自然に見られた理由には、世界で起きている出来事とそれを受け止める人間との間にある埋め難いギャップなのではないか、と感じたことがあります。人智で計ることなど到底できない世界があって、それは天変地異のような大きな出来事であろうが、身近な人の生死であろうが同じなのだと。また悦ぶべき事柄であろうが、哀しむべき事柄であろうが同じなのだと…こんな当たり前のことが、繰り返しの日常の中ではつい忘れられがちです。「時の流れなどない、ただ人間の心が流れているだけだ」と聞いたことがありますが、まさにその通りで、結局きっちりと日々の出来事に“Hello”や”“Goodbye”ができているかどうかなのです。

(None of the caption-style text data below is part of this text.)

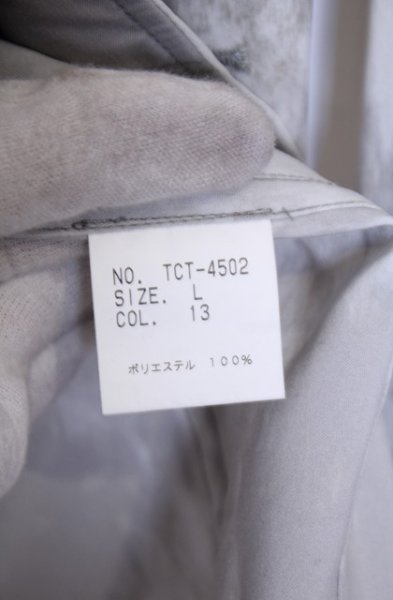 画像4: TORNADO MART / シャドーアーガイルプリントシャツジャケット L ライトグレー O-26-01-31-012-TO-ja-YM-OS (4)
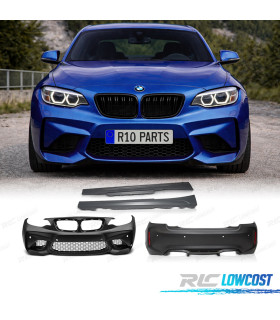 KIT CARROÇARIA BMW F22 F23 LOOK M2C PDC SRA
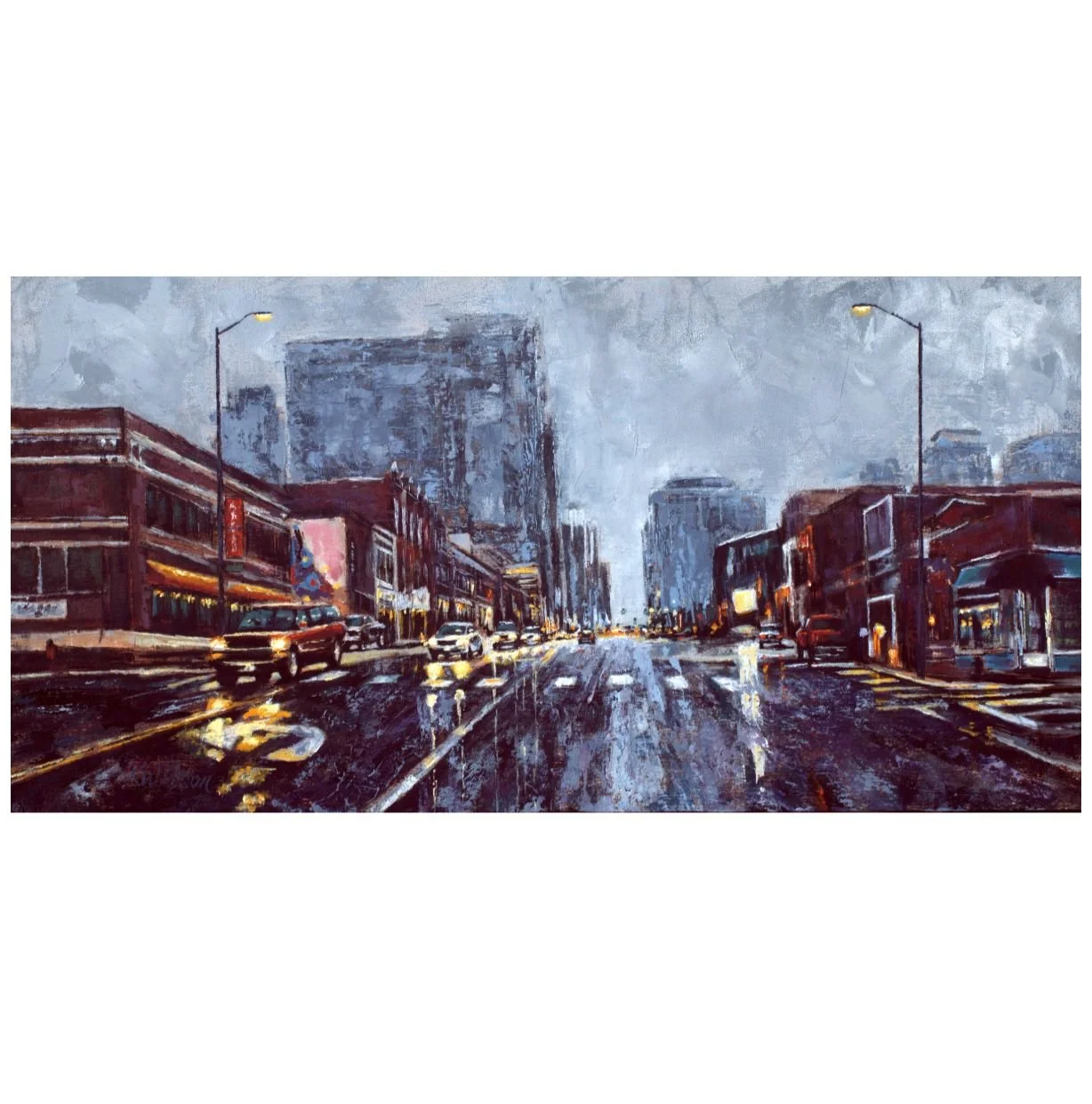 リカルドゴンザレス 原画 WET PAINT リカルドゴンザレス 原画 WET PAINT リカルドゴンザレス 原画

時計を前に進めるために、今できることを、と思いを新たにしています。日常を急に変えても歯車は噛み合いませんが、気持ちを変えることで世界は違ってくるはずです。前回の覚書に少し加筆し、前述の『星を追う子ども』ともう一つ、新たに手元に置いて繰り返し聴いている音楽があるので、これを記して今日の更新と致します。
私が稀代の雨男だということは有機的に繋がりますでしょうか(笑)

<最近聴いている音楽>
・『Change your mind』雨のパレード

*1:女性の本厄にあたるので、厄除けもいきました。
吉田神社http://www.yoshidajinja.com/

*2:有機的世界観」を卒業論文の題材にしたのも遠い昔のことのようです。
諮問の際には「良くできたブックレポート」と卒論として惨憺たる評価を賜りました(笑)
『科学と近代世界』アルフレッド・ノース・ホワイトヘッドhttp://shoraisha.com/main/book/9784879840141.html

*3:前職の会社代表からは「出向」と言われましたっけ…いずれにせよ、普通の所謂「転職」とは少し違う形での「異動」であったのだと、捉えて今は働いています。